Storage Virtualisation

This week I've been thinking a bit more about storage virtualisation. I'm planning to implement virtualisation using the HDS USP product. The decision to use HDS has been based on the need to supply large amounts of lower tiered storage (development data) but retain the functionality to production tiers for data mobility. Using a USP or NSC55 as a "head" device enables the features of Truecopy to be provided on cheaper storage. In this instance the data quantities can justify using a USP as a gateway. A USP isn't cheap and in smaller implementations using the USP in this fashion wouldn't be practical.

So using this as a starting point, what is available in the virtualisation space? OK, start with HDS. The USP and NSC55 (Tagmastore) products both enable external storage (i.e. storage connected to a Tagmastore) to be presented out as if it was internal to the array itself. This means the functionality offered by the array can be retained on cheaper storage, for example the AMS range. The presentable storage is not limited to HDS products and therefore the Tagmastore range is being touted as a system for migration as well as virtualisation. However there are some downsides. LUNs from the underlying storage system are passed straight through the Tagmastore so the size characteristics are retained. This implementation is both good and bad; good because it is possible to take out the Tagmastore and represent the disk directly to a host, bad because you are restricted to the underlying LUN size of the cheaper device, which if it can't present LUNs exactly as you'd like, could mean Truecopy and ShadowImage functionality just won't work. There's also the issue of cache management. The Tagmastore device will accept I/O and confirm it to the host after it is received into cache - the preferred method. It could be possible for the Tagmastore to receive large volumes of write I/O which needs to be destaged to the underlying storage. If this is a lower performance device, then I/O bottlenecks could occur. Finally consider the question that should always be asked; how to I upgrade or get off the virtualisation product? Moving from Tagmastore is reasonably painless as the underlying data can be unpicked and represented to a new host; obviously that may not be practical if the Tagmastore functionality has been used.

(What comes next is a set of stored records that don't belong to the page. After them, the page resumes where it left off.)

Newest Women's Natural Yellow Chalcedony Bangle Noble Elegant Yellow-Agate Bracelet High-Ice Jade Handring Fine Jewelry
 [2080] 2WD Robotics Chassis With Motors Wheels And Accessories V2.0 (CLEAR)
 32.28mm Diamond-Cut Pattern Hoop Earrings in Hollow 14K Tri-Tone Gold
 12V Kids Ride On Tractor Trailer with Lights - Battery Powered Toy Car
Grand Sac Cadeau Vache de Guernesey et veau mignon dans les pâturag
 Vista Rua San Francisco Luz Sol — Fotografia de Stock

If virtualisation is not done in the array itself, then it could be managed by an intermediate device such as the IBM SVC (SAN Volume Controller). The SVC controls all the storage on the underlying arrays and chooses how virtual LUNs are stored. Data is therefore spread over all the available arrays as the SVC sees fit. This approach again, is good and bad. Good; data is well spread giving theoretically even performance. Bad; Where is the data? What happens if the SVC fails? Asking the "how do I get off this product" is a bit more taxing. The only option (unless IBM offer another bespoke solution) is to do host-based migration from the SVC to new storage. This may be hugely impractical if the SVC storage usage is tens or hundreds of terabytes.

Option 3 is to virtualise in the fabric. This is the direction favoured by the switch manufacturers (no surprise there) and companies such as EMC with their InVista product. Fabric virtualisation opens up a whole new way of operating. All of the underlying subsystem functionality (remote replication, PIT copies) are pushed up to the fabric switches and associated device. This creates issues over performance and throughput and also the ability to operate in a multi-fabric environment, the standard model for all Enterprise companies.

From an architects view, all of these options are viable and the $64,000 question to ask is; "what am I looking to achieve through virtualisation?" Once this question is answered and quantified then the solution becomes more apparent. My recommendation for virtualisation is; think what you're looking to achieve, then match the available solution to your requirements. Think more about the future tie-in with the product than the current benefits as the costs in the long run will be removing a virtualisation solution rather than migrating to it.